By RAVI KUMAR KOMANDURI posted Mon July 29, 2024 03:21 AM

  

Authors: @RAVI KUMAR KOMANDURI @Anandhu Karattuparambil

In the era of AI Data & Analytics workloads, the Object access is a key differentiator for any product in the industry. This Object access, would enhance the Research & Academia, Retail, Financial, Telecom sectors etc etc to analyze their businesses and aid in coming up with innovative strategies for enhancing their end users experience. IBM Storage Scale Product[1] (aka Spectrum scale as previously called), coined a feature, known as "S3 protocol"[2], designed for addressing such use cases. As data is everywhere, so is the need to maintain single source of data while making them available across varied environments, consumed in different forms based on their usage. 

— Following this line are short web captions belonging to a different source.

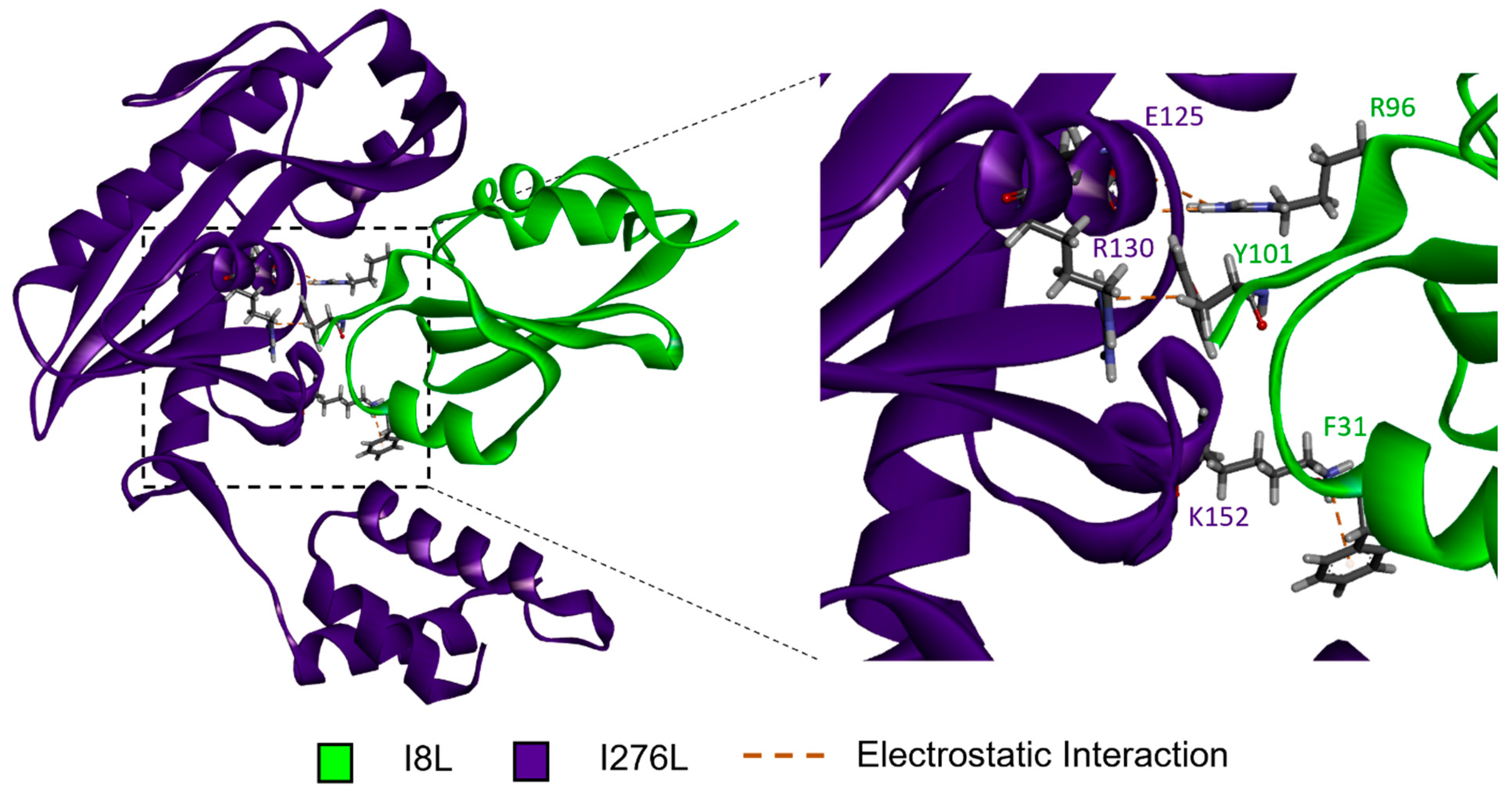 Viruses 16 01170 g002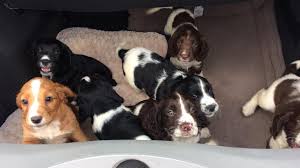I just whelped a litter last friday. Coronavirus Lockdown Year Worst Ever For Dog Thefts Bbc News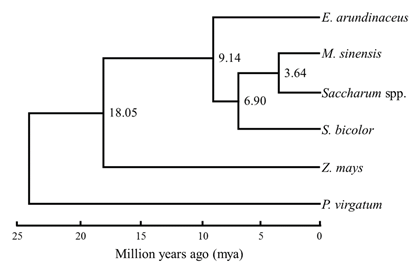 Fig. 2. Divergence times of the Saccharum complex estimated based on variation of 76 concatenated protein-coding chloroplast genes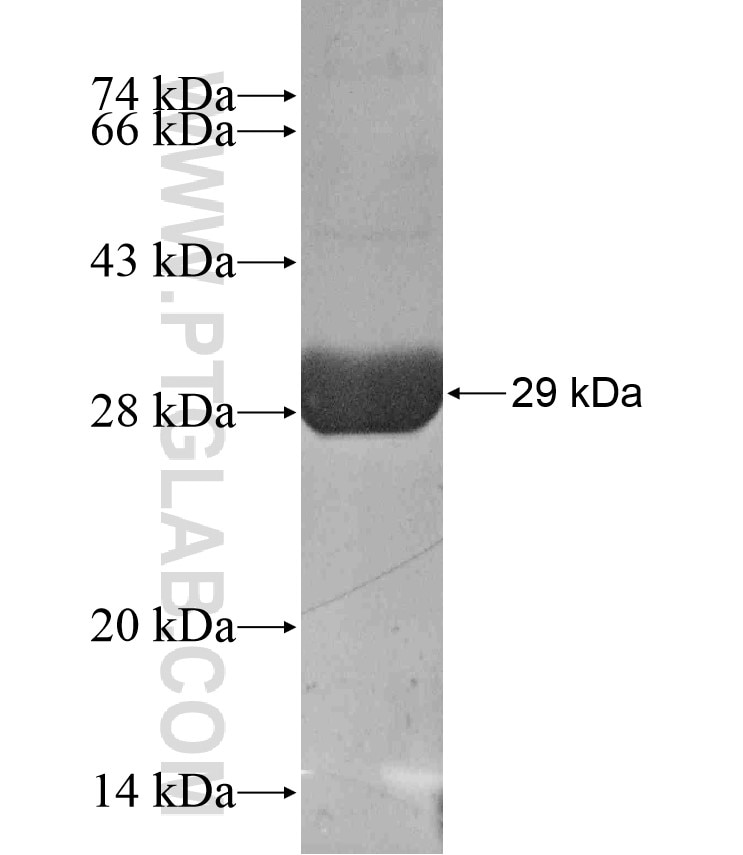 SMN2 fusion protein Ag17790 SDS-PAGE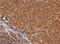 Calponin 3 antibody, NBP2-15242, Novus Biologicals, Immunohistochemistry frozen image 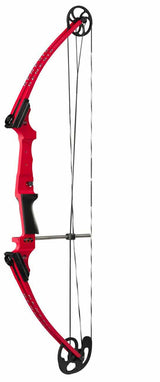 Genesis Bow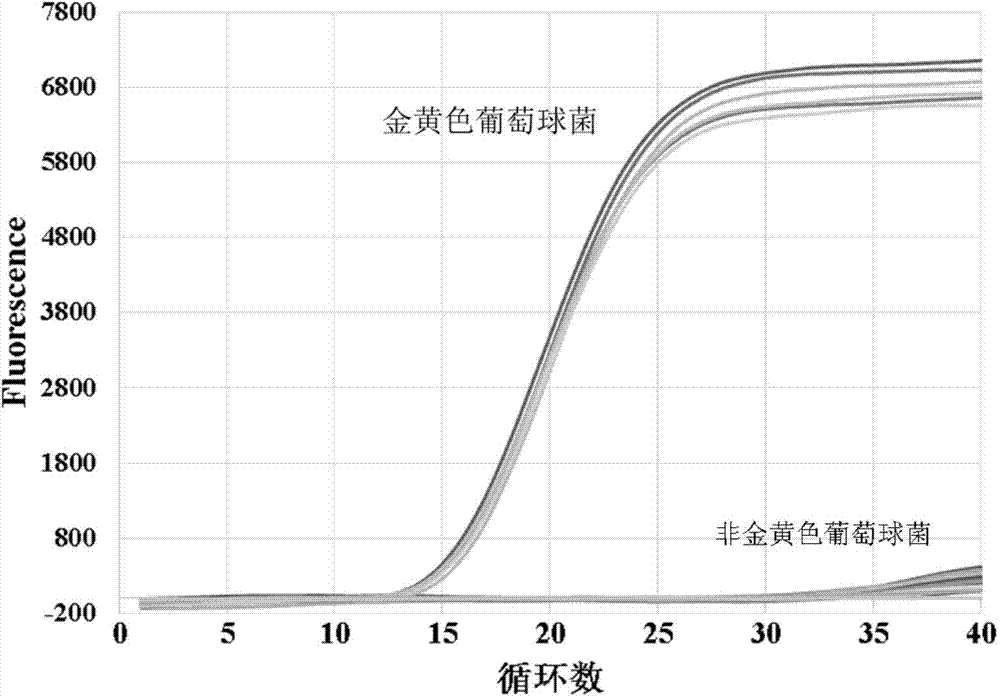 Method for detecting staphylococcus aureus and enterotoxin A gene in food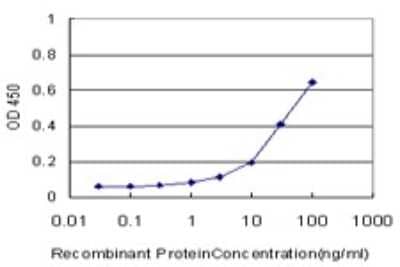 ELISA: Aldehyde Dehydrogenase 3-A1/ALDH3A1 Antibody (2G4) [H00000218-M08] - Detection limit for recombinant GST tagged ALDH3A1 is approximately 1ng/ml as a capture antibody.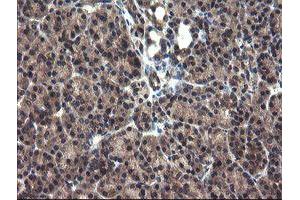 Image no. 4 for anti-Crystallin, Zeta, Homolog antibody (ABIN1497658) (CRYZL1 anticorps)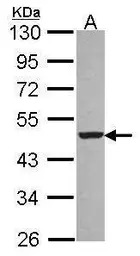 Anti-EBP1 antibody [N3C3] used in Western Blot (WB). GTX114610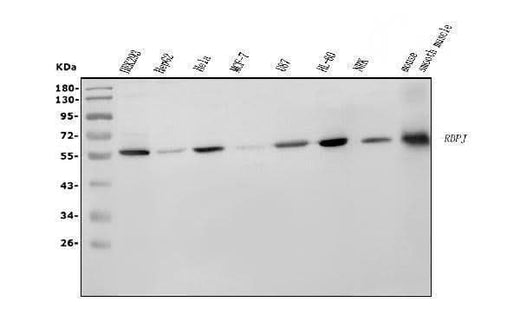 Anti-RBPJK/RBPJ Picoband® Antibody (monoclonal, 6G4 Boster Bio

In this blog our main focus would be on how the data across different S3users is shared in a secure manner with the help of Linux Standard Access and Bucket policies. Here in the S3 environment, the S3users are the end users, would run their workloads to upload/download data, which resides under respective buckets in the underlying IBM Storage Scale filesystems. Now, this data can be shared (like in other use cases) for the S3 user's to perform their Visualization / analytics experiments based on their requirements. 

Let us now delve into further detail on achieving the same. 


Pre-requisites:

- Deploy an IBM Storage Scale cluster 
- Enable the S3 protocol in the environment
- Create the Accounts and Buckets using the mms3 Command Line Interface (CLI)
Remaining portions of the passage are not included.